Requirement: From the line containing "Battery Powered Art" down to the last line of the material, return those lines verbatim and only those.

>>>>

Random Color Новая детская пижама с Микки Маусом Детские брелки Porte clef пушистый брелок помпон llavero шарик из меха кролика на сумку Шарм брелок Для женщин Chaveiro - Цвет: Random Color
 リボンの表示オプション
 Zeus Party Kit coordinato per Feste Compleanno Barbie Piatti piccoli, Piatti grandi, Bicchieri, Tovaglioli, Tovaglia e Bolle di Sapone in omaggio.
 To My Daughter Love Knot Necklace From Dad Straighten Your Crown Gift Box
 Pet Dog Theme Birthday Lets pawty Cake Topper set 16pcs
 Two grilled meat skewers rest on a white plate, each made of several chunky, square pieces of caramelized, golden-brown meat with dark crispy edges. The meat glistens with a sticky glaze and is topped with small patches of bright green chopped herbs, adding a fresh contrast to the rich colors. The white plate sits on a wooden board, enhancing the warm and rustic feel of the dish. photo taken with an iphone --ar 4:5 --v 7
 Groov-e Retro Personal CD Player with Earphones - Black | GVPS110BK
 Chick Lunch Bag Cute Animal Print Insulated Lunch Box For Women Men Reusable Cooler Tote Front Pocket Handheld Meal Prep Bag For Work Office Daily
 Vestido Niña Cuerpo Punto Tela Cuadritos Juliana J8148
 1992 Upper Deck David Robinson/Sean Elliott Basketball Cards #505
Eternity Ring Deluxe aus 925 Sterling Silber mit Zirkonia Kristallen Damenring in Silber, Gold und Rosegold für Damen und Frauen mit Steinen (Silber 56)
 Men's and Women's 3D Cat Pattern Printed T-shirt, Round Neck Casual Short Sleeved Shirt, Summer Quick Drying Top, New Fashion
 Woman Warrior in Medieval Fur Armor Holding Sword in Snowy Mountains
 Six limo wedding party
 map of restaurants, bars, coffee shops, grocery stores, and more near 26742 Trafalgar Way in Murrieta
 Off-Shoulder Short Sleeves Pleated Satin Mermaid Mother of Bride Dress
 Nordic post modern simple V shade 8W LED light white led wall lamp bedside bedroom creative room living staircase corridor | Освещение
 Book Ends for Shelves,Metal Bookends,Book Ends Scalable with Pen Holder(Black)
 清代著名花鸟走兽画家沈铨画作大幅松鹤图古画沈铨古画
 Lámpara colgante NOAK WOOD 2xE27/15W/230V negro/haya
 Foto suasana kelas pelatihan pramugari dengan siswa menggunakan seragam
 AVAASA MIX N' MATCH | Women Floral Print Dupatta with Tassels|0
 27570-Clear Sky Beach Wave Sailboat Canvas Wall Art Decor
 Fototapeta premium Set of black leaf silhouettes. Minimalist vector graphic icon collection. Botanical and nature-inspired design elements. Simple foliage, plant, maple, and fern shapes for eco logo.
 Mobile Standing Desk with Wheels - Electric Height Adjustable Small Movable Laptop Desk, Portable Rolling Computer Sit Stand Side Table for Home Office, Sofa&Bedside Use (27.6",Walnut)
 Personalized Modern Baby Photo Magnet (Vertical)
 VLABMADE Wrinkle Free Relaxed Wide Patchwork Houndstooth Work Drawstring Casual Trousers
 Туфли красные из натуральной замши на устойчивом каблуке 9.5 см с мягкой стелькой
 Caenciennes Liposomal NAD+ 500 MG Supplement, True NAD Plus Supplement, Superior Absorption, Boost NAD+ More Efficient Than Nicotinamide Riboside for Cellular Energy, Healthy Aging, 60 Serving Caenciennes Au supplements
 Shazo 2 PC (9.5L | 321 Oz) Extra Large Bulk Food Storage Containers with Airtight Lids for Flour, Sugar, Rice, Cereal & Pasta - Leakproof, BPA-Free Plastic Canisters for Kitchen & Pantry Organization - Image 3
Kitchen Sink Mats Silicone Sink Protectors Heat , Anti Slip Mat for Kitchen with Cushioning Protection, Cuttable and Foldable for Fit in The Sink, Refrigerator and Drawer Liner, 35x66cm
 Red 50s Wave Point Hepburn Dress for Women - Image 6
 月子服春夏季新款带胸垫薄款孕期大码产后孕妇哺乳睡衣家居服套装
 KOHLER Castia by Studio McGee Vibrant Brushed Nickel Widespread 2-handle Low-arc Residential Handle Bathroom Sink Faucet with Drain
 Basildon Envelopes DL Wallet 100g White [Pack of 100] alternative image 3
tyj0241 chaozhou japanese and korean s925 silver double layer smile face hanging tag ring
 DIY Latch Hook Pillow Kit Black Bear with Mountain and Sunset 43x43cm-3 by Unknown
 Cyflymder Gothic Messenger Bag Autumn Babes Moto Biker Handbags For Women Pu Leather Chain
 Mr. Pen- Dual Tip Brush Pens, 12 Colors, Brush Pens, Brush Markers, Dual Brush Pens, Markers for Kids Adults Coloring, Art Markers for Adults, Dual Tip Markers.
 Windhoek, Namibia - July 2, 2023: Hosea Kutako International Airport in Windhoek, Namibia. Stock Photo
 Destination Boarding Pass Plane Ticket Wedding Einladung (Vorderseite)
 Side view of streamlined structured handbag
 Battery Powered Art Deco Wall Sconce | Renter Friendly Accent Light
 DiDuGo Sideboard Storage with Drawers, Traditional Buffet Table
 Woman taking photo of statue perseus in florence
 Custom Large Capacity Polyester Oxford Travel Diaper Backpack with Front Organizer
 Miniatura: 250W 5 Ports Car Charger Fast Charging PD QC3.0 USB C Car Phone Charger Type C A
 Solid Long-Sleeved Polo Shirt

<<<<

Task solution:
 Battery Powered Art Deco Wall Sconce | Renter Friendly Accent Light
 DiDuGo Sideboard Storage with Drawers, Traditional Buffet Table
 Woman taking photo of statue perseus in florence
 Custom Large Capacity Polyester Oxford Travel Diaper Backpack with Front Organizer
 Miniatura: 250W 5 Ports Car Charger Fast Charging PD QC3.0 USB C Car Phone Charger Type C A
 Solid Long-Sleeved Polo Shirt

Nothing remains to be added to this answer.